Leave the pictures aside and give back every entry below word for word.
====================
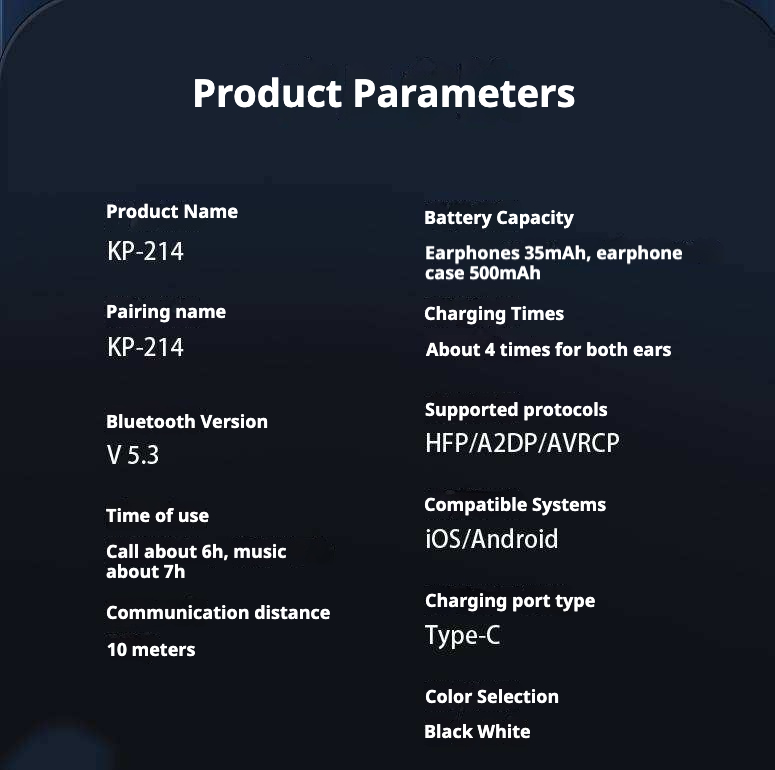 KP-214 New Model Wireless Bluetooth Ear Hook Headphones OWS Open Ear Design High Fidelity Audio Long Battery Life And Noise Cancellation 2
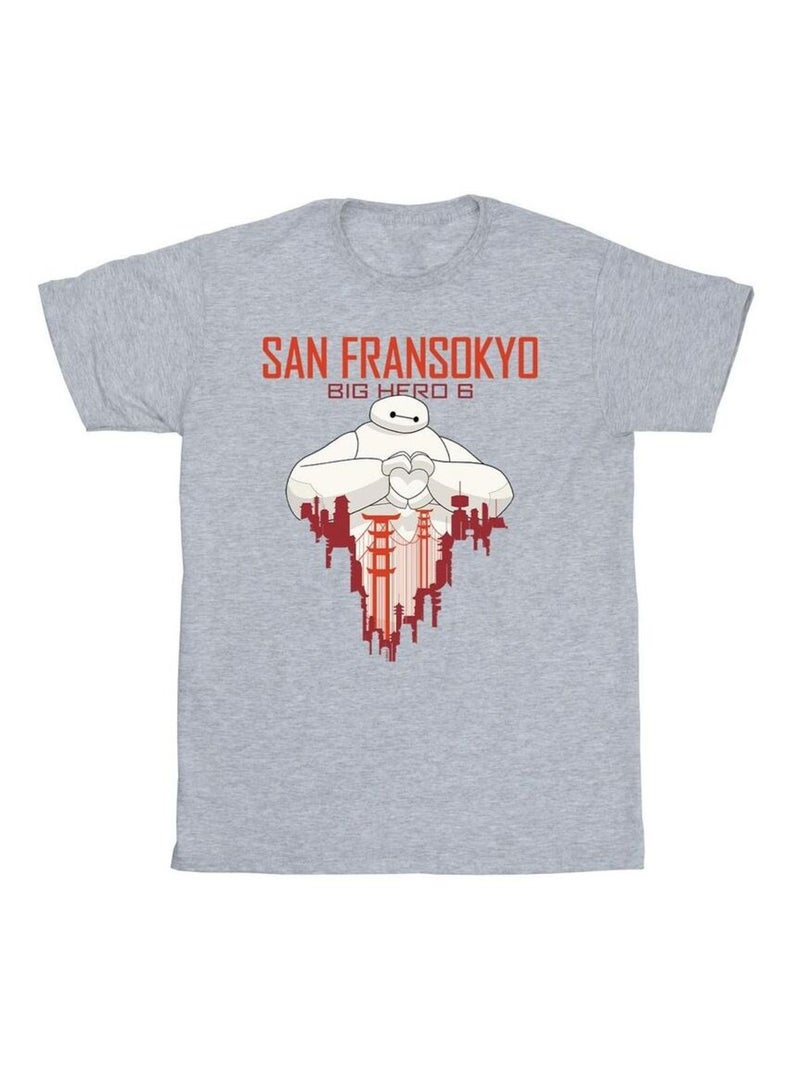 Disney - T-shirt BIG HERO SAN FRANSOKYO Gris chiné - Kiabi
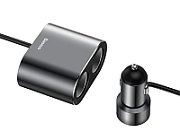 INCARCATOR AUTO Baseus High Efficiency, 2 x USB Output 5V/3.4A, 2 x bricheta auto, total output 96W, pt. bricheta auto, lungime cablu 60cm, argintiu  CRDYQ-0S  (include TV 0.18lei) - 6953156296930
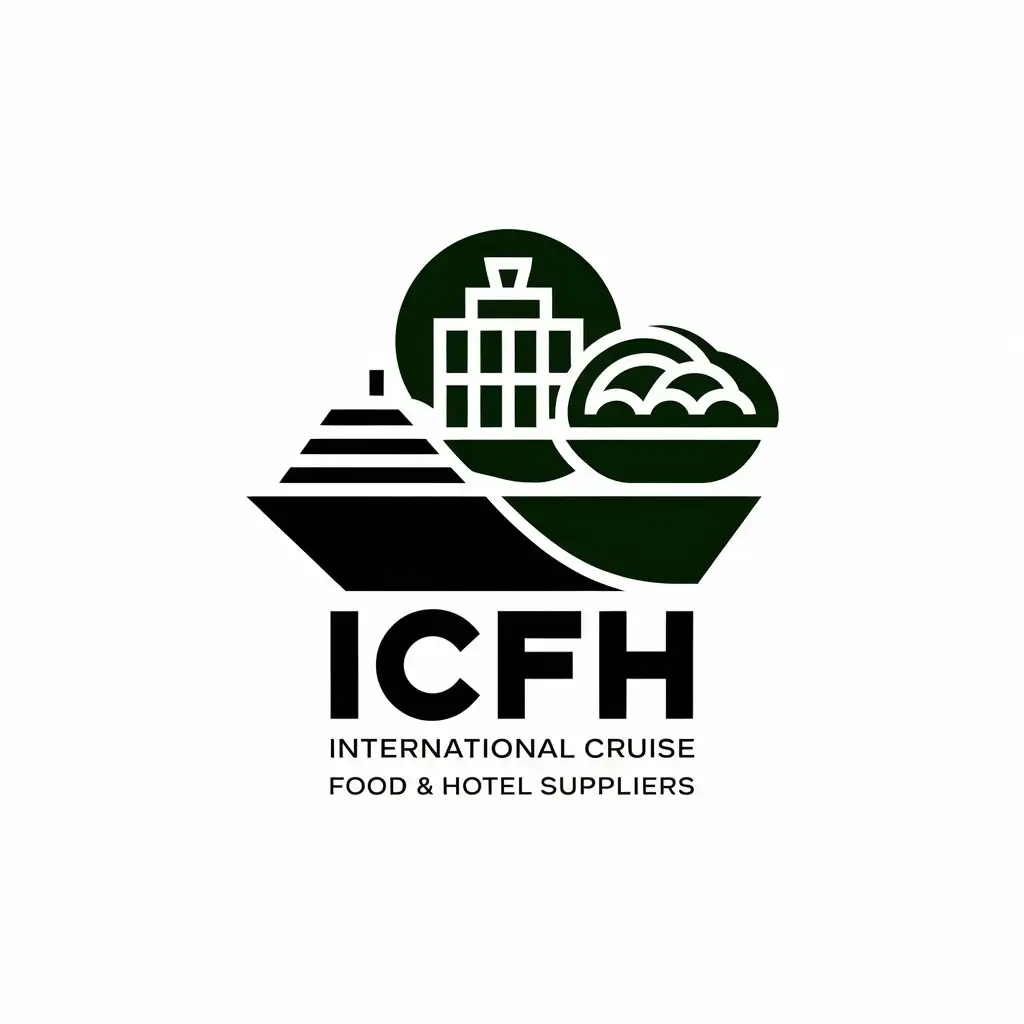 LOGO Design for ICFH International Cruise Food Hotel Suppliers with Modern Theme for Restaurant Industry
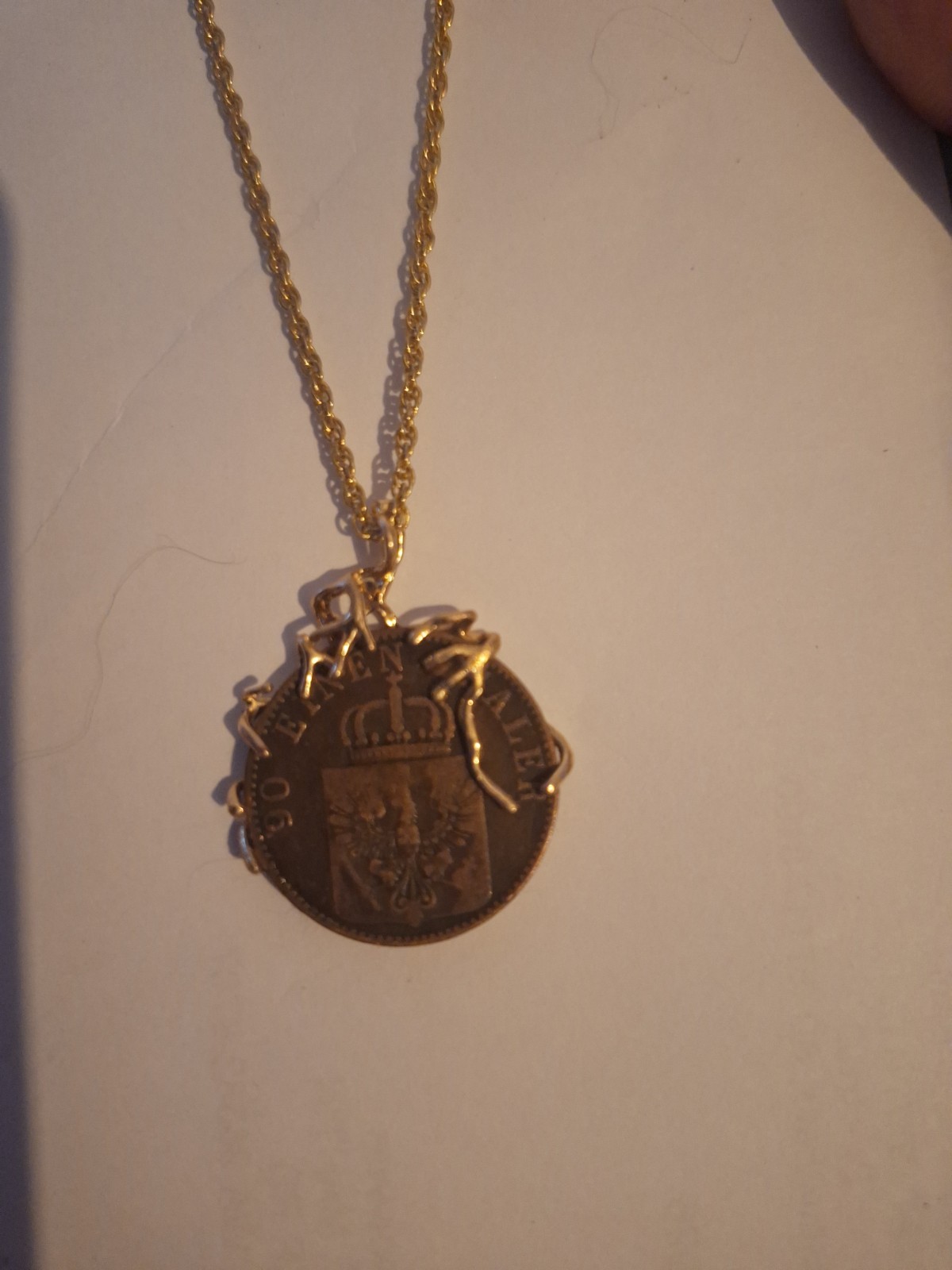1857 A 4 Pfennige Prussian Coin Pendant With Chain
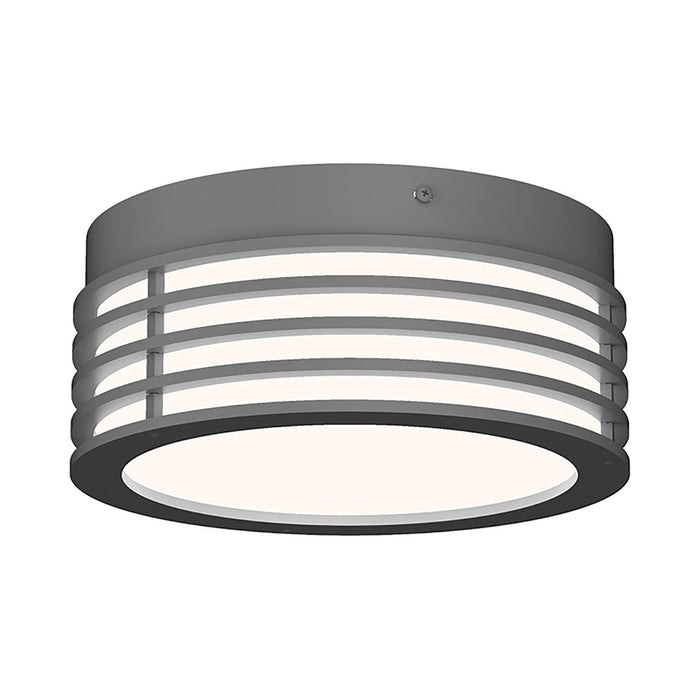 Marue™ Outdoor LED Semi Flush Mount Ceiling Light in Small/Round/Textured Gray.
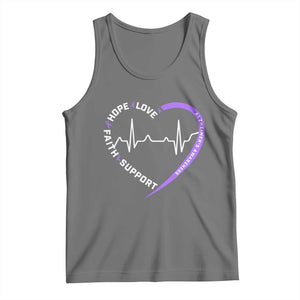 Alzheimers Awareness Heart Heartbeat Purple Ribbon Tank Top Hope Love Faith Support
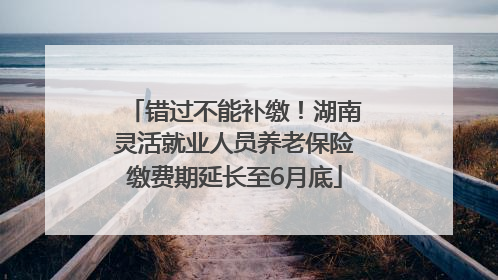 错过不能补缴！湖南灵活就业人员养老保险缴费期延长至6月底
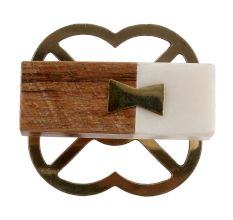 Rectangle Stone And Wooden Long Cabinet Knobs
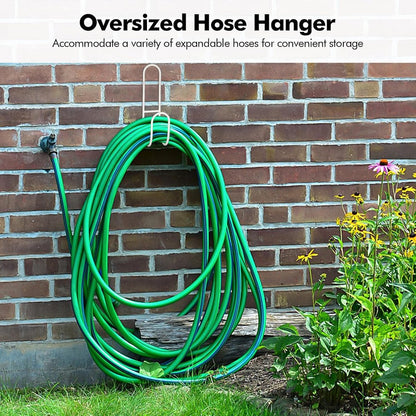 Garden Hose Hanging System - Wall Mount for Neat Storage - Stainless Steel Frame - White V1188-ZXY-11239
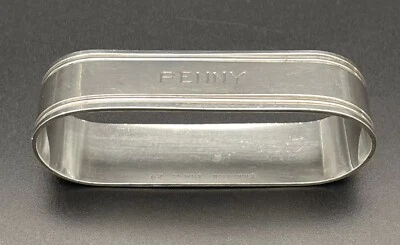 纯银餐巾戒指 名字 雕刻“PENNY” S. Kirk & Son 艺术装饰 — 第 1/4 张图片
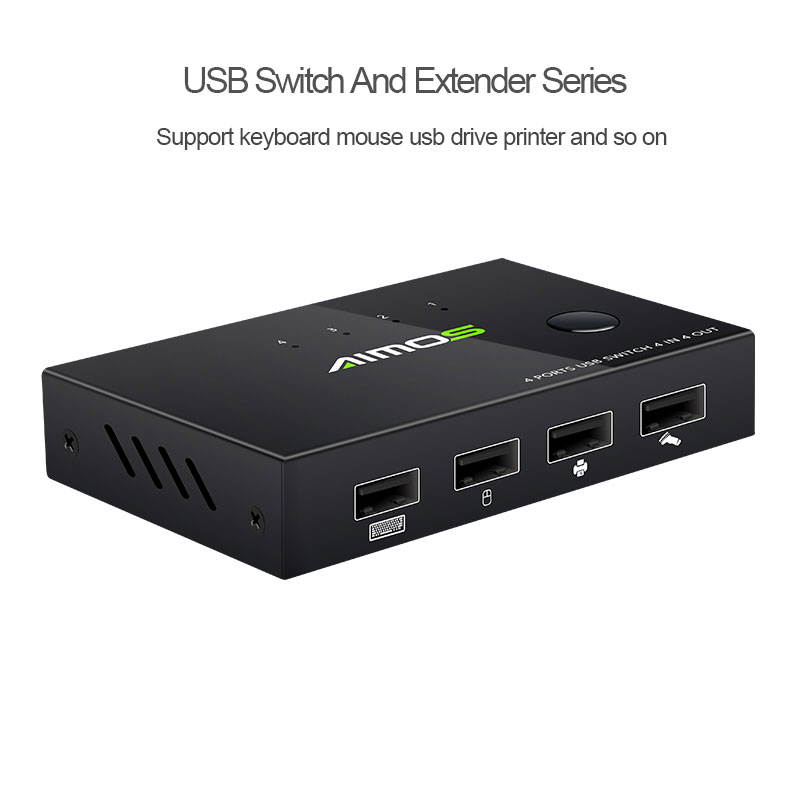 AIMOS 4 Port USB KVM Switch Share 4pcs USB Devices  w/ USB Cables For Keyboard U Disk Printer Scanner
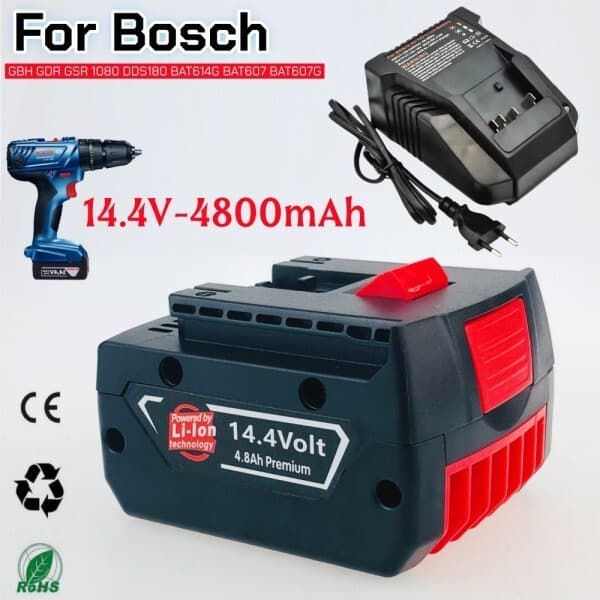 더블유허브넷B 보쉬 GBH GDR 1080 BAT614G 14.4V 4.8Ah 충전식 리튬이온 배터리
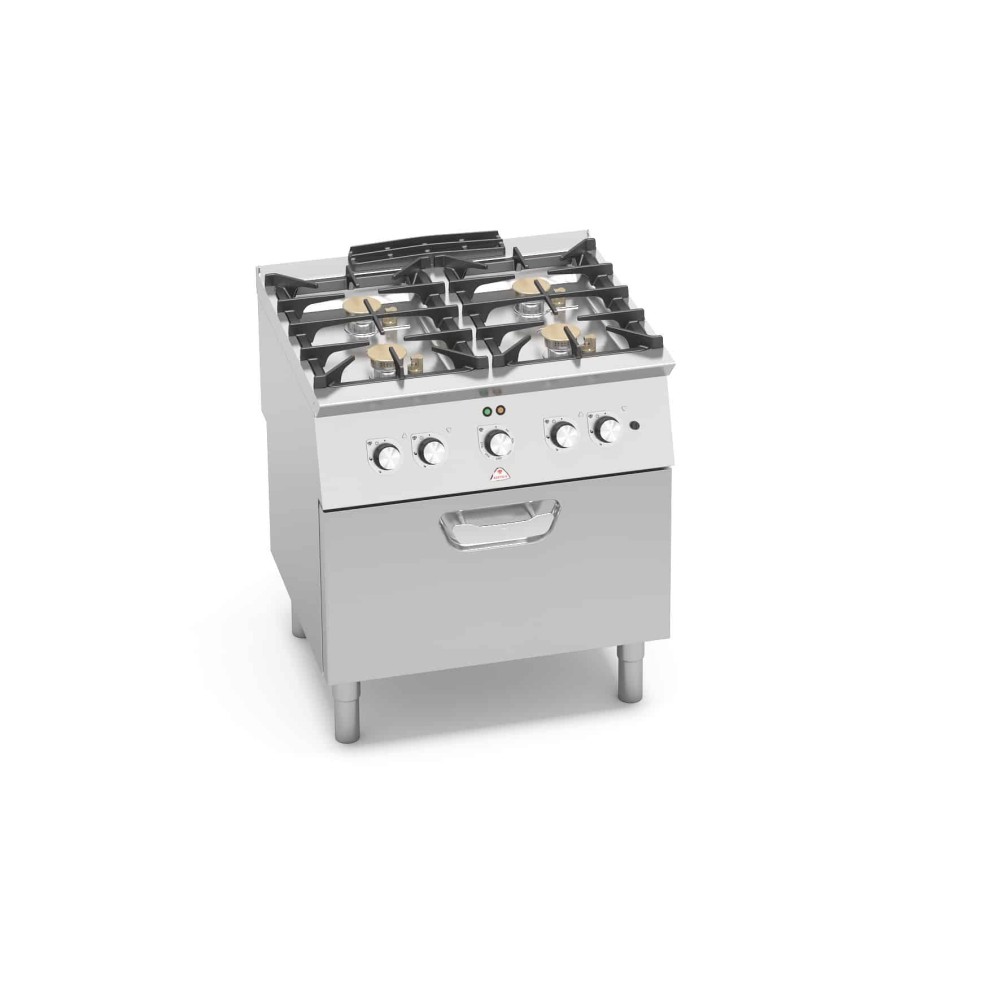 Kuchnia gazowa 4 palnikowa z piekarnikiem konwekcyjnym HIGH-POWER 800x730x850 Bertos SG7F4+FE2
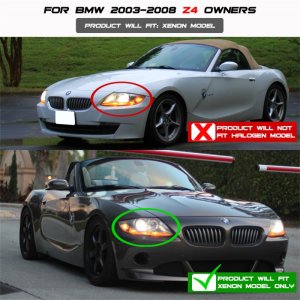 BMW Z4 Headlights - SPYDER - Projector, LED Halo, Xenon/HID Model Only - Chrome - `03-`08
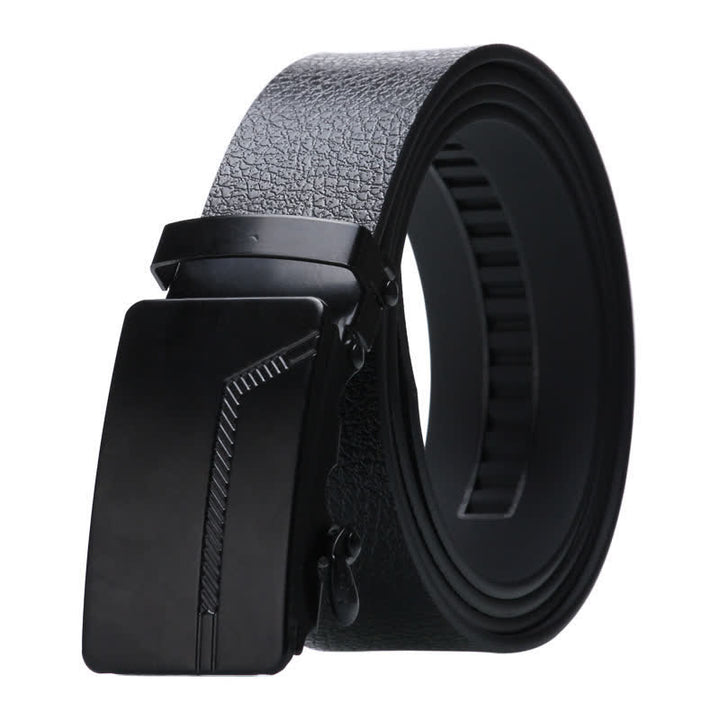 Men's Business Automatic Buckle Black Leather Belt - Style #6 - Black - 42 - image 14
====================
- **Answer space**
 KP-214 New Model Wireless Bluetooth Ear Hook Headphones OWS Open Ear Design High Fidelity Audio Long Battery Life And Noise Cancellation 2
 Disney - T-shirt BIG HERO SAN FRANSOKYO Gris chiné - Kiabi
 INCARCATOR AUTO Baseus High Efficiency, 2 x USB Output 5V/3.4A, 2 x bricheta auto, total output 96W, pt. bricheta auto, lungime cablu 60cm, argintiu  CRDYQ-0S  (include TV 0.18lei) - 6953156296930
 LOGO Design for ICFH International Cruise Food Hotel Suppliers with Modern Theme for Restaurant Industry
1857 A 4 Pfennige Prussian Coin Pendant With Chain
 Marue™ Outdoor LED Semi Flush Mount Ceiling Light in Small/Round/Textured Gray.
 Alzheimers Awareness Heart Heartbeat Purple Ribbon Tank Top Hope Love Faith Support
 错过不能补缴！湖南灵活就业人员养老保险缴费期延长至6月底
 Rectangle Stone And Wooden Long Cabinet Knobs
 Garden Hose Hanging System - Wall Mount for Neat Storage - Stainless Steel Frame - White V1188-ZXY-11239
 纯银餐巾戒指 名字 雕刻“PENNY” S. Kirk & Son 艺术装饰 — 第 1/4 张图片
 AIMOS 4 Port USB KVM Switch Share 4pcs USB Devices  w/ USB Cables For Keyboard U Disk Printer Scanner
 더블유허브넷B 보쉬 GBH GDR 1080 BAT614G 14.4V 4.8Ah 충전식 리튬이온 배터리
 Kuchnia gazowa 4 palnikowa z piekarnikiem konwekcyjnym HIGH-POWER 800x730x850 Bertos SG7F4+FE2
 BMW Z4 Headlights - SPYDER - Projector, LED Halo, Xenon/HID Model Only - Chrome - `03-`08
 Men's Business Automatic Buckle Black Leather Belt - Style #6 - Black - 42 - image 14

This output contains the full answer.